Control in 2015 is not photos and other artifacts kept in a safe deposit box somewhere. Wick sets on fire a church vault, destroying the leverage the mafioso don held over the elites of the city. This is a lie. Control today is digital. Control is the NSA facility in Utah, and other locations, where our every text, phone call, email, blog post, financial transaction, and GPS location is tracked, catalogued, profiled, and permanently warehoused. Select agencies and corporations hold the keys to every human beings' mobile device, cell phone, and computer. They, literally, can track your every movement and thought in real time. Software and hardware manufacturers cannot operate now without creating intentional "defects" in their technology for the elites of this growing fascist control system to exploit.

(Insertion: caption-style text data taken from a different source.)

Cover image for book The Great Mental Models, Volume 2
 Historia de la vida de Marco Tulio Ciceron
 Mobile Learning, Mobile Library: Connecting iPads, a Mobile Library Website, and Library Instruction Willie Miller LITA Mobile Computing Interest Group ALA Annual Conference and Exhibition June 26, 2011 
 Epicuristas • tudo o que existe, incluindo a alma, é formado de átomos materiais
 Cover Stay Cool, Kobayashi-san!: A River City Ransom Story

This is the end of privacy and the end of human freedom. This can and will end badly.
That it is the individual, alone and unaided, who is to bring justice to the world, is another canard. Yes, people need to be self-reliant and strong. But in order to effect change, especially in the large, complex social systems of the 21st century, individuals must band together and cooperate in order to effectively assert their interests. As with all these lone-wolf, vigilante-justice, the-group-is-bad-the-individual-is-good movies that I watch,Wick acted alone. Sure, Willem Defoe's character, another contract killer, turns on his employer and assists Wick, but basically Wick was on his own. As long as Hollywood hypes this violent self-reliance motif, Washington, D.C., the City of London, and the planet's oligarchical power structure will have nothing to fear. There will never be effective mobilization of the citizenry to bring about positive political and economic change.
Returning to my initial dis-ease with the film, "John Wick" is just another tiring repeat of people -- mostly men -- solving problems through violence. It seems that Hollywood has a limited imagination when it comes to conflict resolution. This stunting of our moral capacity is intentional. Anyone who has seen war knows that it is a hateful activity and that civilized people should take up arms only as a last resort, for example, in the case of self-defense as the founders of our Constitutional republic intended over 200 years ago. Bloodshed should not be engaged merely to assert economic or political advantage. On the other hand, humanity must not be conditioned to become eunach sheep unwilling to defend their own self-interests. Tyrants are encouraged by another's meekness and submission. Appeals to conscience or reason are ineffective. Tyrants must be dealt with in a manner they understand.
Lastly, in "John Wick" it is clear that criminals run New York City. I would argue that the same can be said of Washington, D.C. The ignorant may believe that there exists a virtuous struggle in the halls of power -- a contest over who or which party can deliver the greatest good to the public. But in actuality, by and large, it is just political theater over which group of sociopaths gets to control the levers of power and dominate the bottom 99%.
Notes:
EnergyEnhancement.org loves John Wick. Apparently, there is some symbolism that escaped me and that, in the view of its author, redeems the movie. The page is overwhelming, visually and intellectually, like digital shaktipat. Just be careful. There is a lot of good stuff there. But like they say about rat poison, it's the 5% tha is bad stuff that will kill you.